If we want the stuff that makes history, we want to tell the fads from the trends. To learn the difference we may resort to tactics like Ulysses with the sirens — minimize temptation by making a binding promise to hold ourselves to our purpose long enough to vet and validate an event.
In Megatrends, John Nasbitt says that each new technology, to be successful, must be coupled with a compensatory human response. Thirty years later, we can tell the trends because they endured in our culture.
The more we're online, the more we want and need to get offline with people in real life, for example. Evidence of this trend is the proliferation of in person events, which is why it's both difficult to know about them all, and near impossible to capture them in a system so people can discover them.
As technological development accelerates and permeates human cultures, the value of individually hand-crafted items rises. The interest in owning hand-made items, and in making things with one's own hands, increases in parallel.
Globalization and localization are in conversation with each other — each force pulling its weigh as the laws of physics would dictate. Why? Because where we live and what happens there matter to us as much as the possibilities of expanding our horizons and trading all over the world.
Trends flow through culture on a river of emerging consensus and change us in some way, they change the way we think and operate. But it's not enough to pay attention to long-term developments to sail on the winds of commerce.
Empires rise and fall based on how they execute, their behavior. Rapid growth comes at a cost. Often the price we pay is our future. We want to learn to see the difference between short-termism and longpath, weed and tree ideas, as much as we want to tell fads from trends. The more we seek first to understand, the better off we are when it comes to long-term results.

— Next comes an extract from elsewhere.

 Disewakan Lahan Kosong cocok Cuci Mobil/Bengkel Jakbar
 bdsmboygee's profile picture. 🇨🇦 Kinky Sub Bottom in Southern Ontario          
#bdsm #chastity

At Conversation Agent, I focus on slow and tree ideas. Which is why I took a short (if we consider the almost 11 years of this blog) hiatus to take stock of what we've learned together so far (see my Twitter feed or search here for re-runs on topics), and to think about where the conversation takes us to futures thinking.
Conversation is the internet of the modern business landscape. My hunch is there is so much more to do to learn about the relationship of business with technology and digital media as seen through the lens of human behavior. And this is what Conversation Agent is all about.